* _EXERCISE REQUIREMENTS_
Exclude the pictures, and otherwise reproduce the data in full.

* _RECORDED DATA_
──────────────────────────────

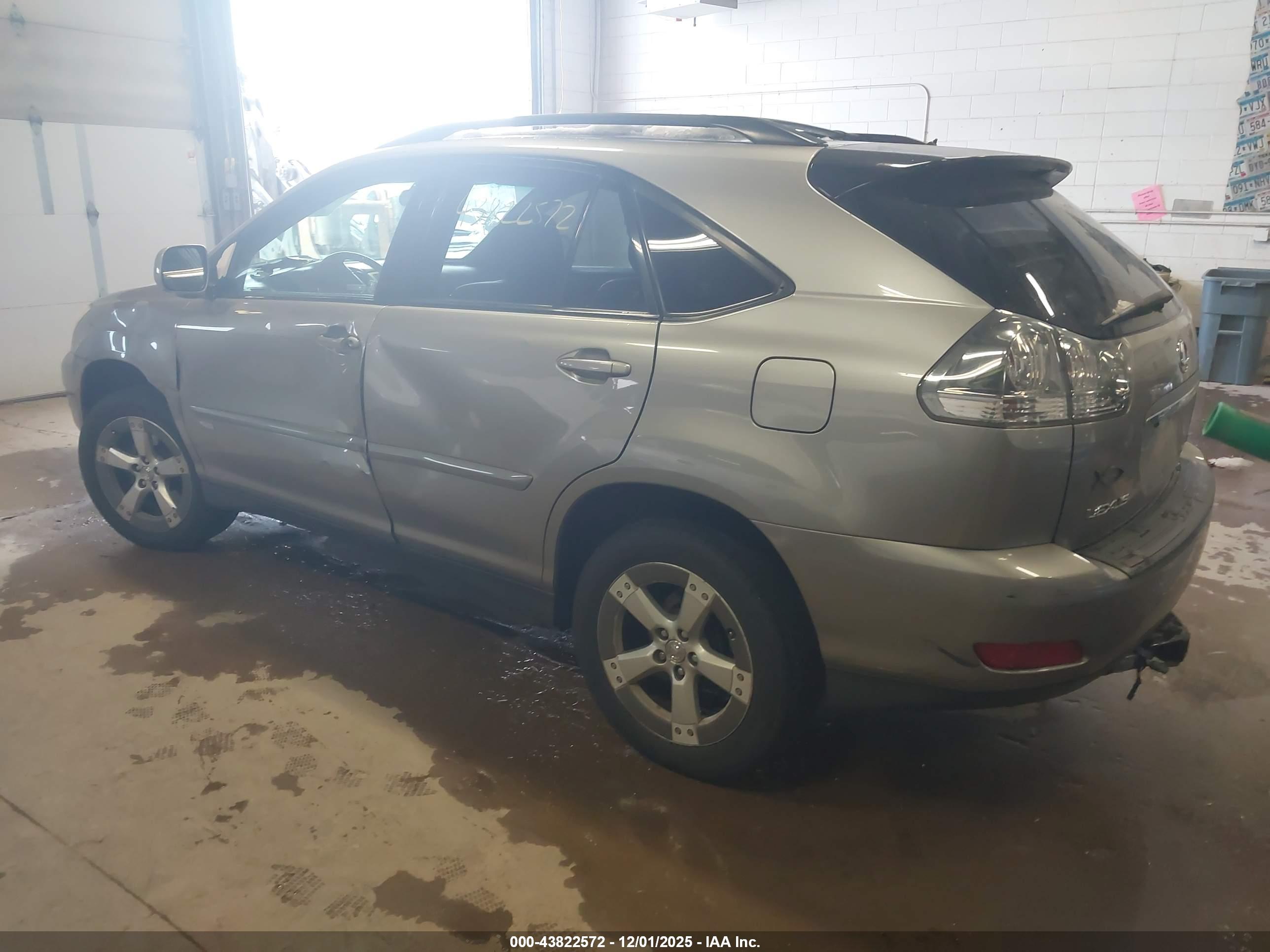 LEXUS RX image 3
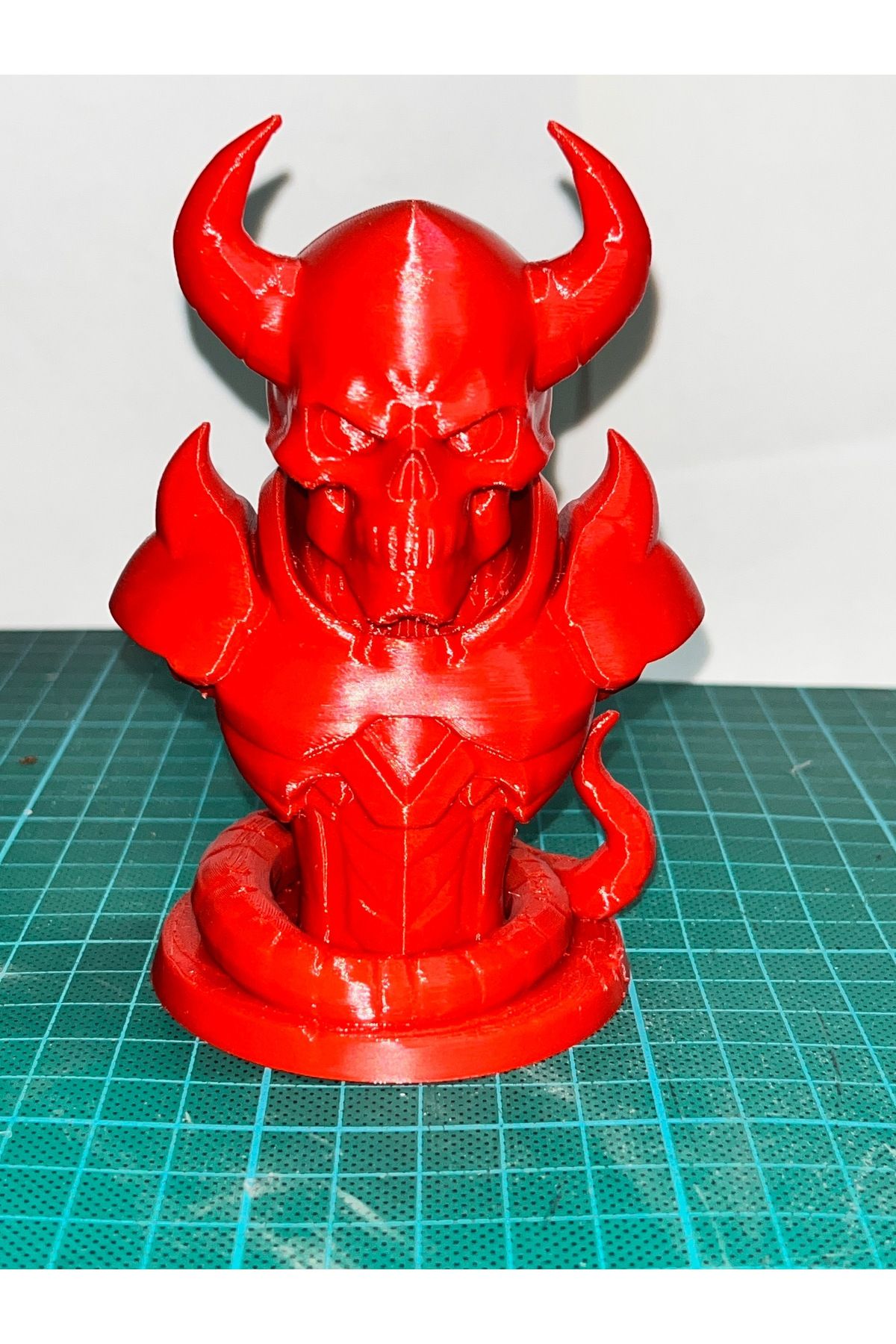 eSun Knight Snake Skull | Kırmızı - 3D El Yapımı Figür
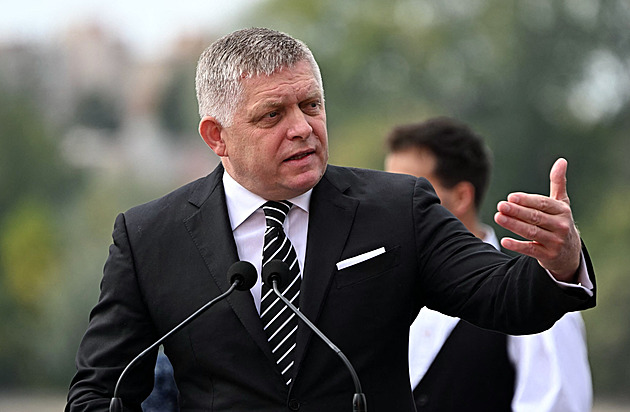 Naše politika nemůže být o homosexuálech, vysvětlil Fico, proč vyloučili Směr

──────────────────────────────

* _ANSWER FOR THIS EXERCISE_
 LEXUS RX image 3
 eSun Knight Snake Skull | Kırmızı - 3D El Yapımı Figür
 Naše politika nemůže být o homosexuálech, vysvětlil Fico, proč vyloučili Směr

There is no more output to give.